== Listed entries ==

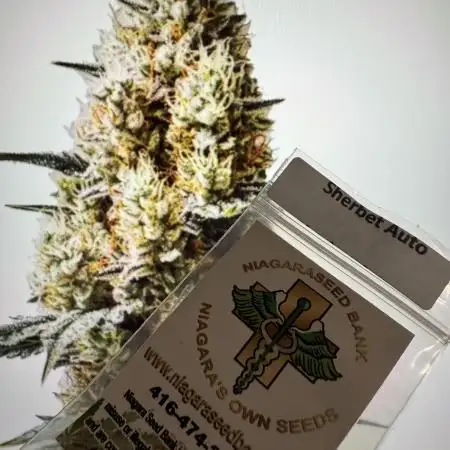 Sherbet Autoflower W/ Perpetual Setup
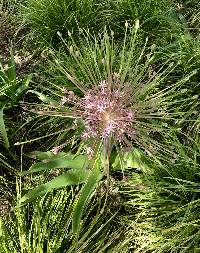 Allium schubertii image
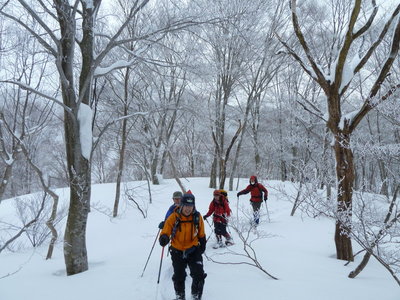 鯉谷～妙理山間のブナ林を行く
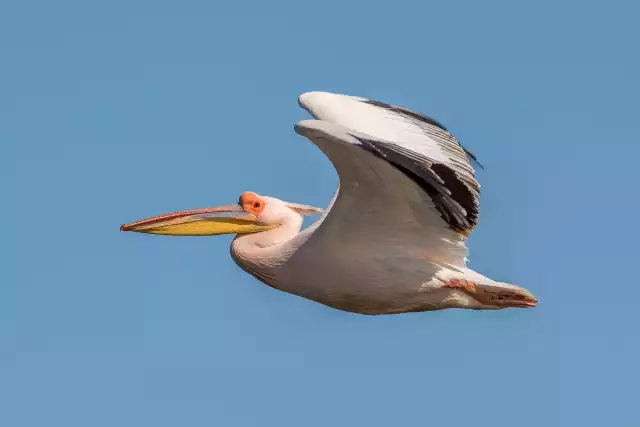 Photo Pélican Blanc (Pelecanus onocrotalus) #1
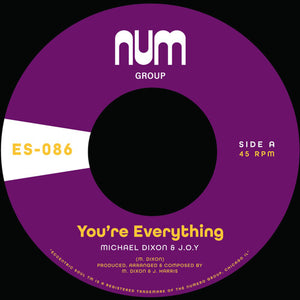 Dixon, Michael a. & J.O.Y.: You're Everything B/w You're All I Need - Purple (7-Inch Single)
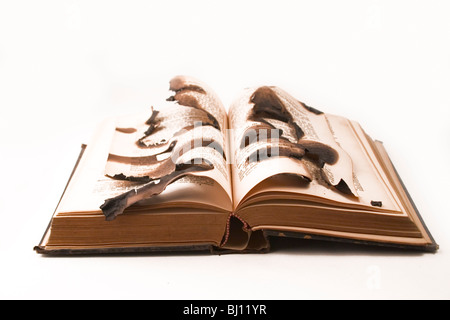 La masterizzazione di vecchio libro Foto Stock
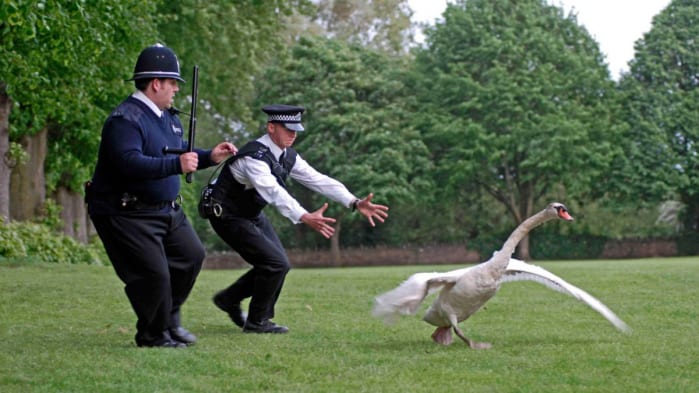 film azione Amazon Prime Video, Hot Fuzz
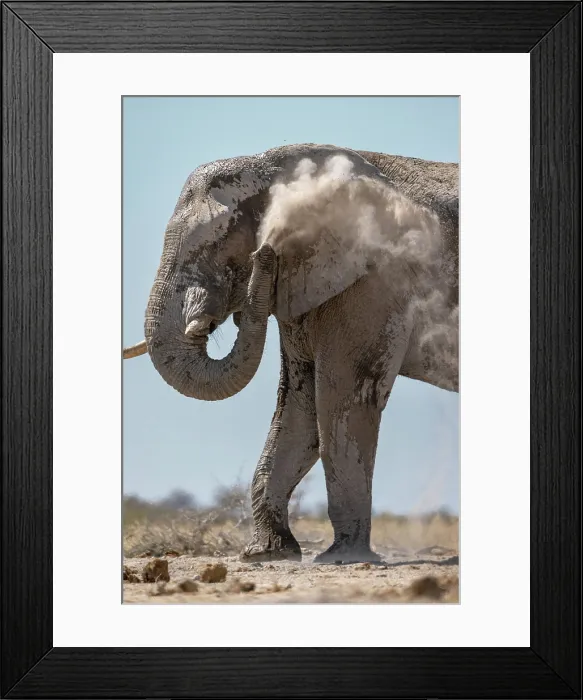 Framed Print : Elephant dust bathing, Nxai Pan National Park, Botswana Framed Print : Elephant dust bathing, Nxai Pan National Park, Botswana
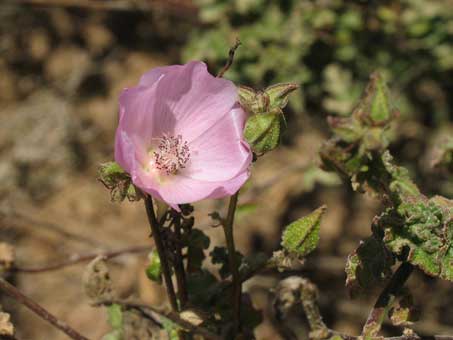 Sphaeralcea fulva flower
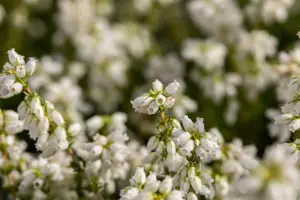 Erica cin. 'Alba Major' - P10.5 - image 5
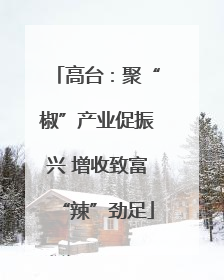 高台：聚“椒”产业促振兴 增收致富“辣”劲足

===

Exercise aim - Return verbatim every line from the one holding "Photo Pélican Blanc" to the end of the records above. Do not copy the pictures.

Exercise response -
 Photo Pélican Blanc (Pelecanus onocrotalus) #1
 Dixon, Michael a. & J.O.Y.: You're Everything B/w You're All I Need - Purple (7-Inch Single)
 La masterizzazione di vecchio libro Foto Stock
 film azione Amazon Prime Video, Hot Fuzz
 Framed Print : Elephant dust bathing, Nxai Pan National Park, Botswana Framed Print : Elephant dust bathing, Nxai Pan National Park, Botswana
 Sphaeralcea fulva flower
 Erica cin. 'Alba Major' - P10.5 - image 5
 高台：聚“椒”产业促振兴 增收致富“辣”劲足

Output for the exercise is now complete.